FAMILLE - ENFANT - BIOMÉDECINE
Près de vingt-six ans après la naissance, en France, de la petite Amandine [1], l’assistance médicale à la procréation s’est largement développée. Selon l’Agence de biomédecine, 19 026 enfants sont nés dans l’Hexagone en 2005 grâce à une technique d’AMP. Avec un corollaire, note le journal La Croix : les médecins de l’infertilité sont confrontés à de nouvelles demandes, qui les exposent à des choix éthiques difficiles, principalement du fait de l’âge des couples.
Selon la loi du 6 août 2004, rappelle La Croix, seul peut avoir recours à l’AMP un couple formé d’un homme et d’une femme « vivants, en âge de procréer, mariés ou en mesure d’apporter la preuve d’une vie commune d’au moins deux ans », ce qui exclut notamment les célibataires, les couples de même sexe et les femmes ménopausées. Mais se pose le problème des hommes âgés : « Depuis quelques années, ils sont un nombre croissant à demander une congélation de leur sperme vers 60 ou 65 ans », remarque le docteur J.-M. Kunstmann. « Il faut y ajouter une évolution de notre société, explique le médecin. Aujourd’hui, on se dit qu’il est possible de refaire sa vie après 60 ans, y compris avec un projet parental » - d'où cette demande masculine.
Que faire face à ce désir d'enfant ? Les réponses ne sont jamais simples, observe le docteur J.-M. Kunstmann. « Dès lors que la technique permet de transgresser les repères naturels, c’est aussi à la société de dire jusqu’où il faut aller. » De nos jours, en effet, l'homme est son propre démiurge. Grâce à la biomédecine il est à même d'intervenir sur le vivant et de modifier ce qui était jadis du domaine des « lois de la nature ». D'où la nécessité de réfléchir à nouveau sur ces questions fondamentales que sont le vivant, l'humain – en un mot qu'est-ce que l'homme ? Quelle est sa spécificité ? Son identité ?

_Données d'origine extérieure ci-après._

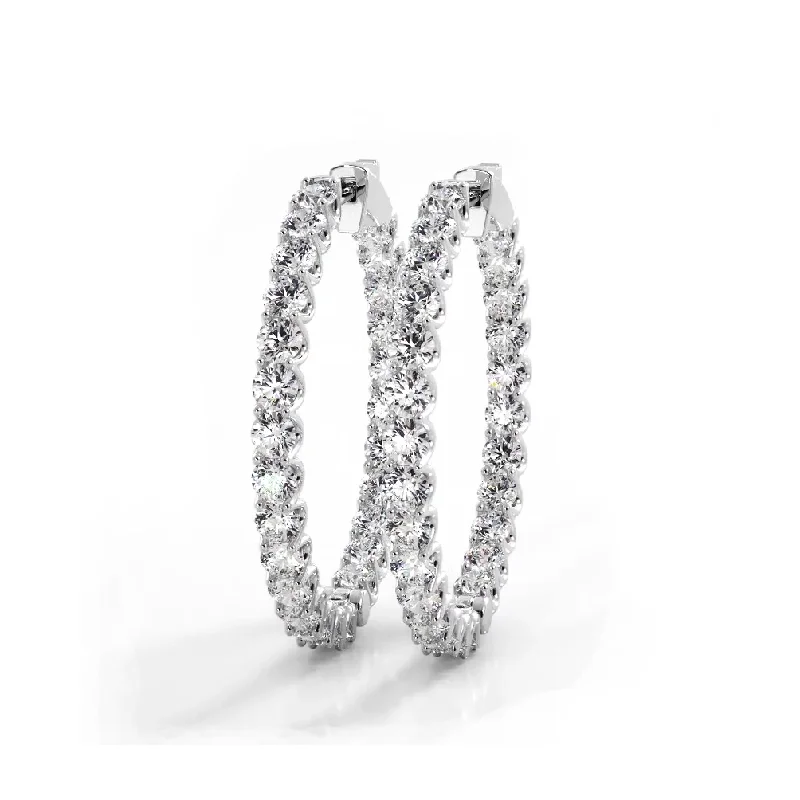 Silver Hoop Earrings for Women-2.30 ctw. Inside Out U Prong Diamond Medium Hoop Earrings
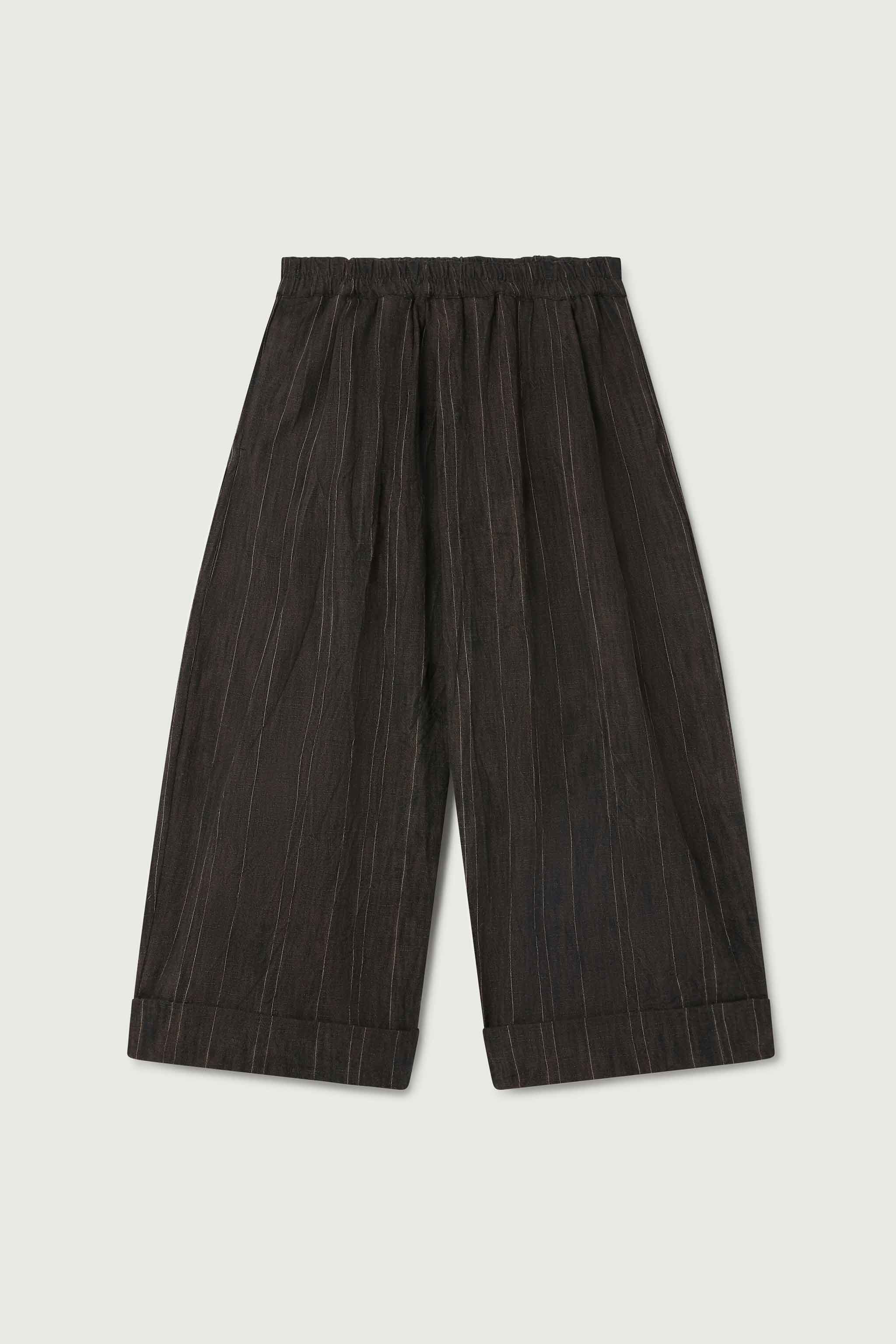 THE BAKER TROUSER / CRUMPLED STRIPE WALNUT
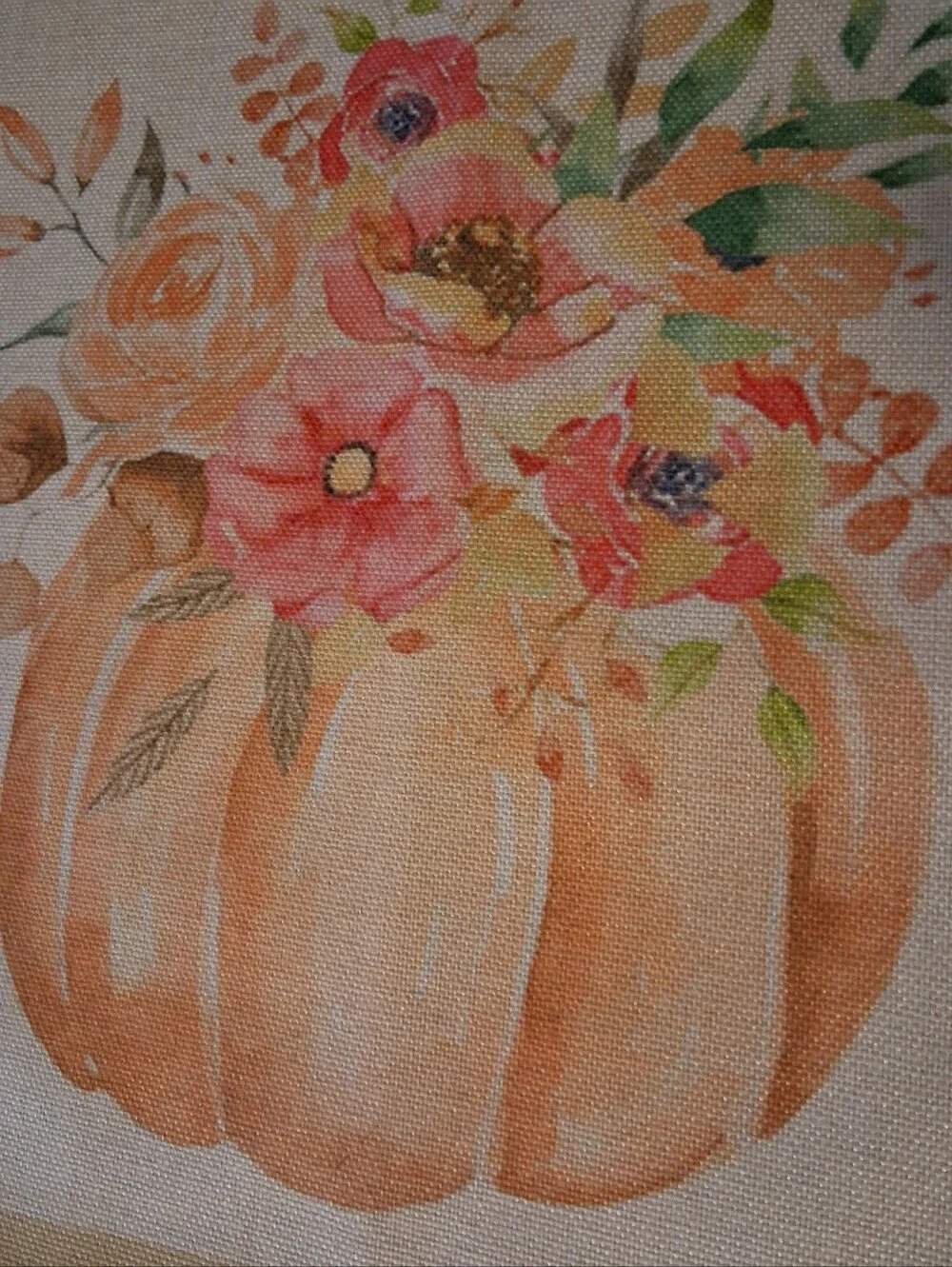 Set of 4 Fall Pumpkin & Flowers Pillow Covers 18x18 Inch Canvas Autumn Decor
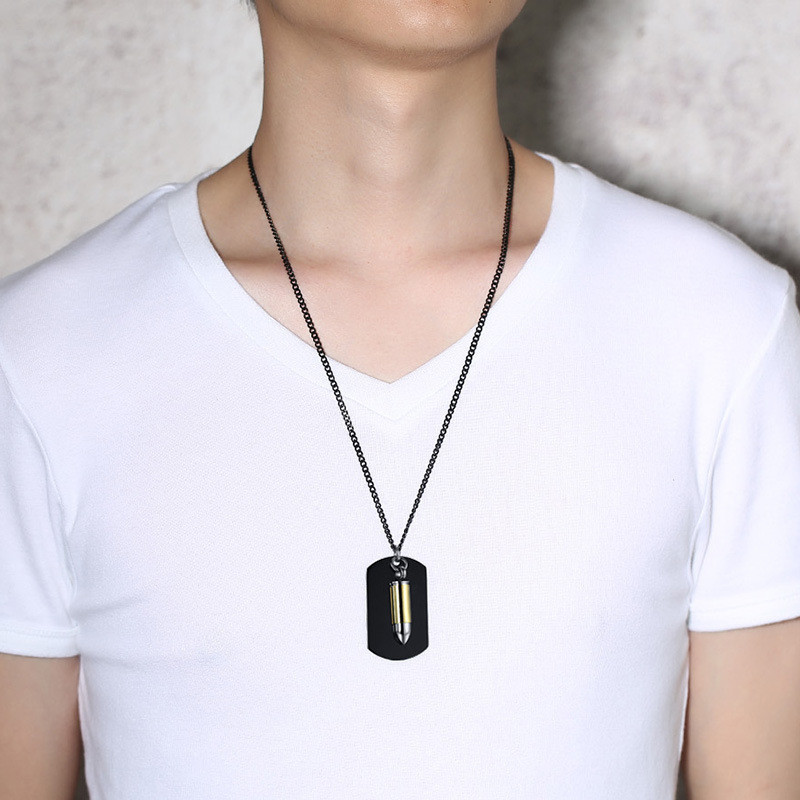 Wholesale Stainless Steel Men's Bullet Dog Tag Pendant Necklace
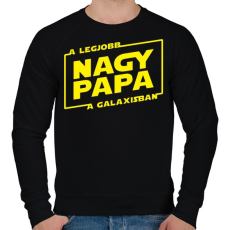 PRINTFASHION A legjobb nagypapa a galaxisban - Férfi pulóver - Fekete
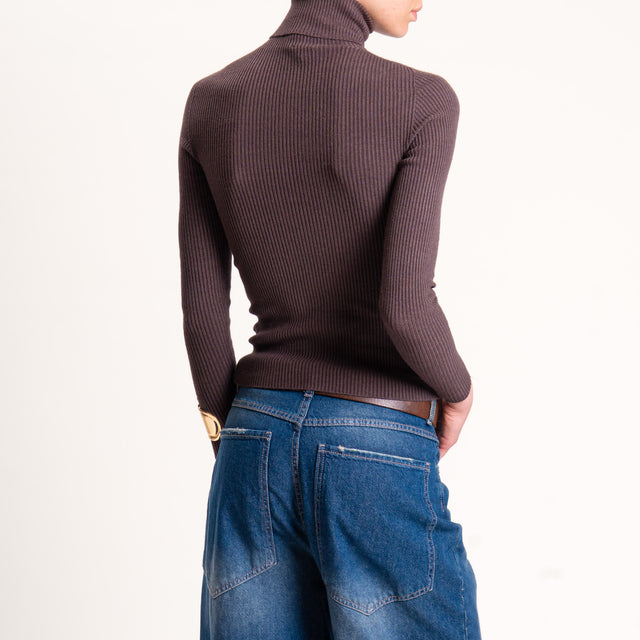Zeroassoluto-Maglia collo alto a costine - moro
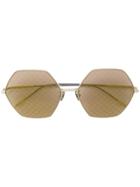 Bottega Veneta Eyewear Hexagonal Shaped Sunglasses - Gold
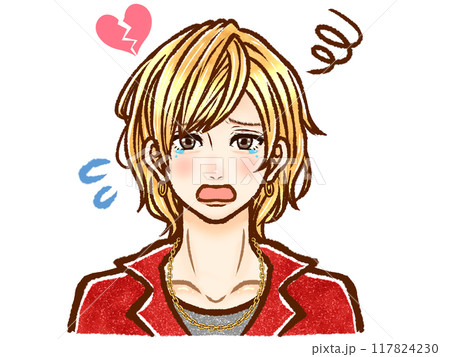 涙を流して悲しむ金髪ホスト大人男性の泣き顔イラスト素材 117824230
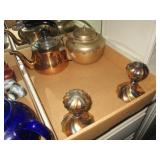Two Metal Teapots & Pair Candleholders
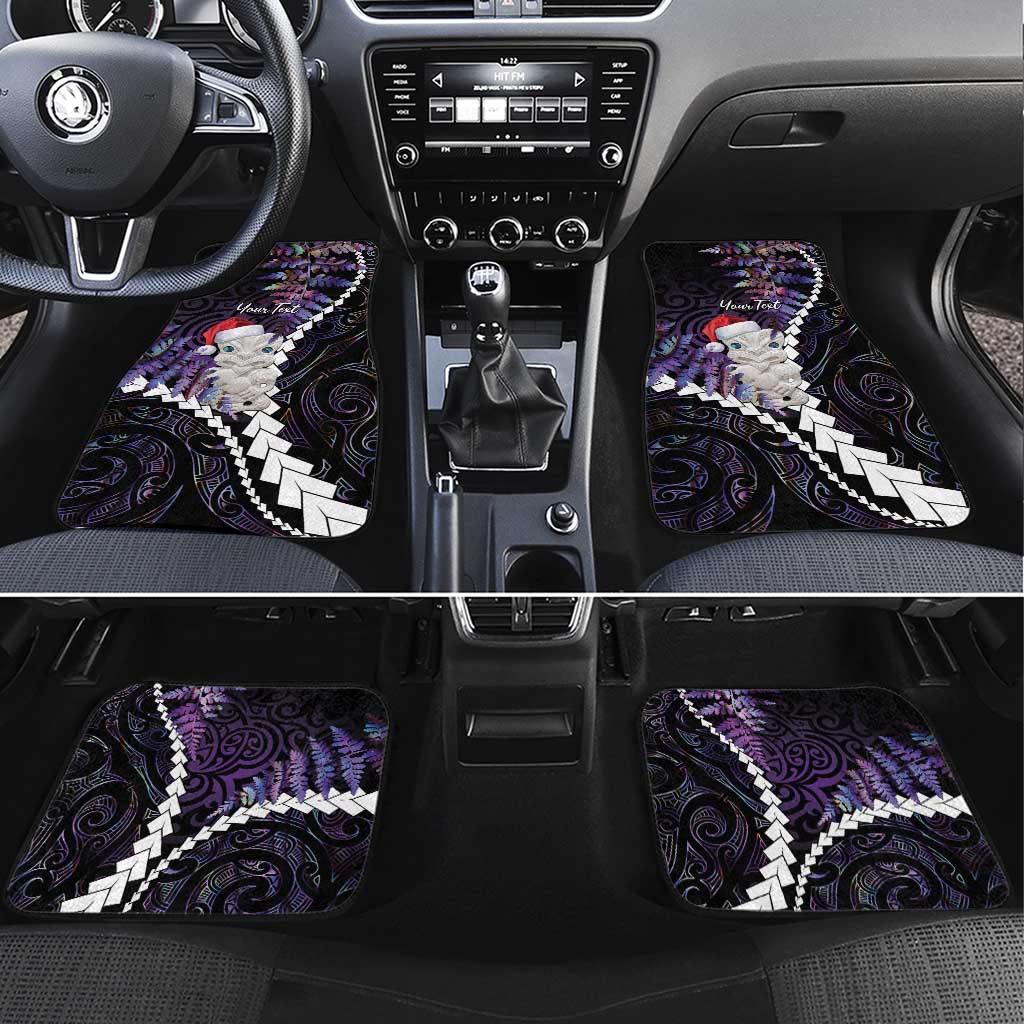 New Zealand Personalised Car Mats Meri Kirihimete Kowhaiwhai Mix Paua Shell - Amethys LT7 Set 4pcs Purple - Polynesian Pride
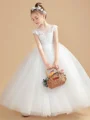 Ball Gown Scoop Ankle-Length Tulle Junior Bridemaid Dresses With Bow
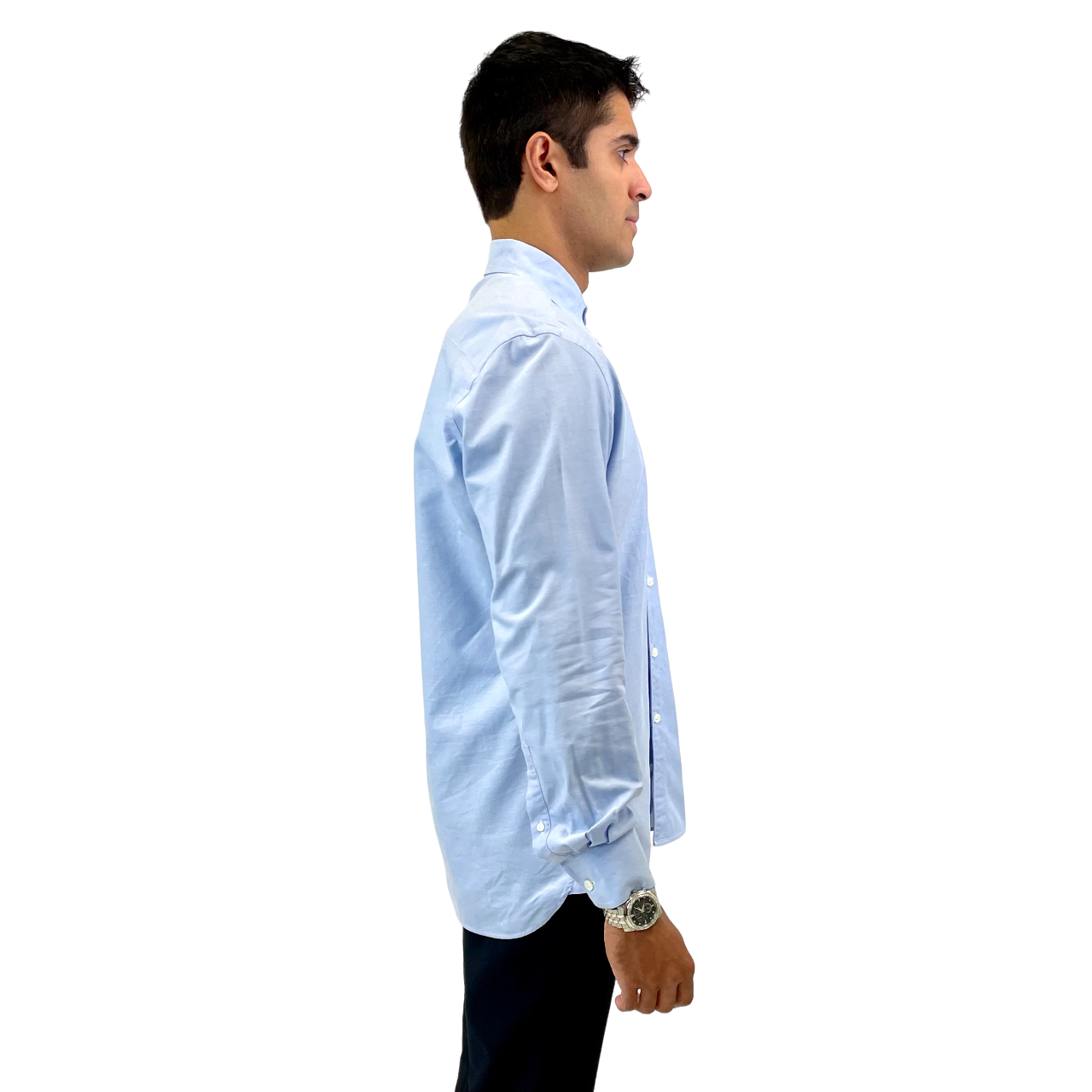 RealReal,Dunhill, Dunhill Blue Button-Down Collar Long Sleeve Dress Shirt, Blue, Large-45-TagL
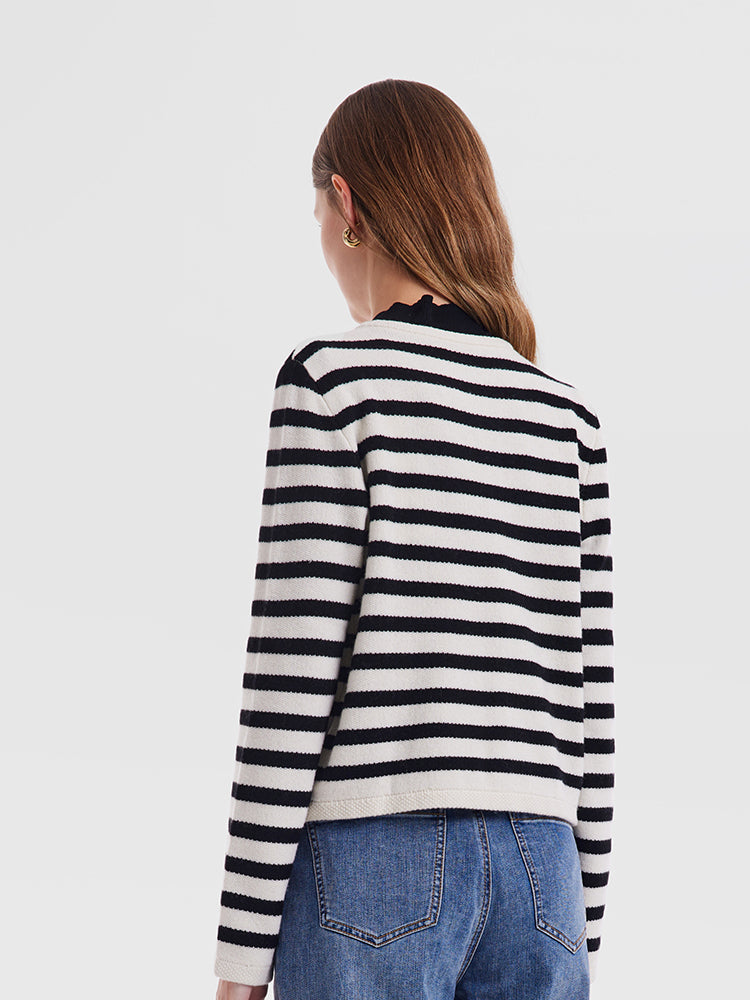 Wool Striped French Cardigan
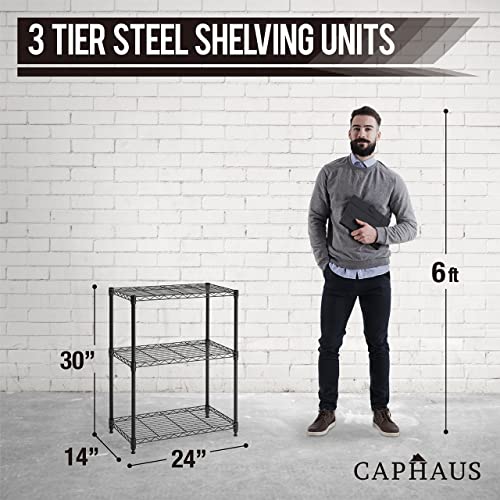 CAPHAUS 3/4/5-Tier Adjustable Height Wire Shelving Unit, Wire Rack Shelving, Metal Steel Storage Shelves, Garage Shelving Storage Organizer, Utility Storage Shelf, 3-Tier Without Wheels, Black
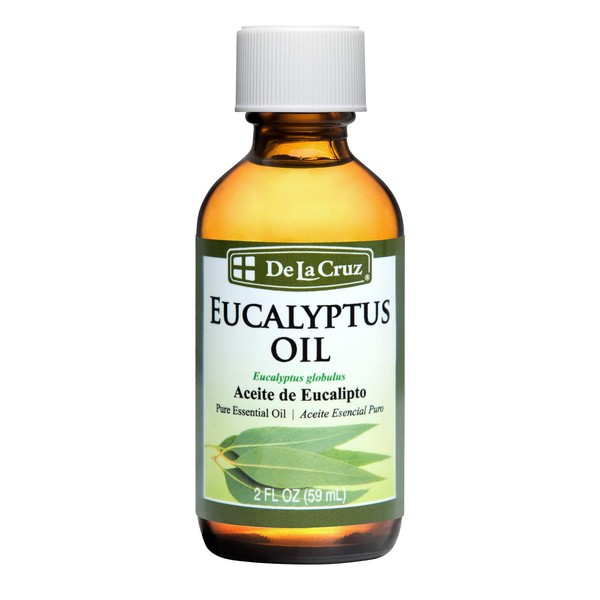 De La Cruz Eucalyptus Essential Oil Aromatherapy for Diffuser or Humidifier, 100% Pure Steam Distilled Eucalyptus Globulus 2 FL OZ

En effet, comme il en avait été question lors de la sortie du livre de Sophie Marinopoulos et d'Israël Nisand, 9 MOIS ET CÆTERA, la biomédecine n'a cessé de multiplier les avancées en matière de reproduction humaine [2]. « Elle sait aujourd'hui fabriquer des enfants hors sexe (fécondation in vitro), hors corps (intermédiaire des mères porteuses), et même hors vie, puisque l'on peut devenir biologiquement père ou mère après sa mort (par le don de gamètes ou d'embryons). »
Présentées selon une échelle de difficulté croissante, « ces prouesses de la médecine font émerger, à leur tour, quatre niveaux de complexité éthique. Pour chacun d'entre eux se présente un côté jardin, celui des avantages médicaux et des possibilités de réparation. Mais aussi un côté cour, face sombre de ces évolutions derrière lesquelles se profilent d'évidentes dérives. L'une d'elle, et non la moindre, étant peut-être de vouloir des enfants à tout prix » (Catherine Vincent, in Le Monde, édition du 19.10.07).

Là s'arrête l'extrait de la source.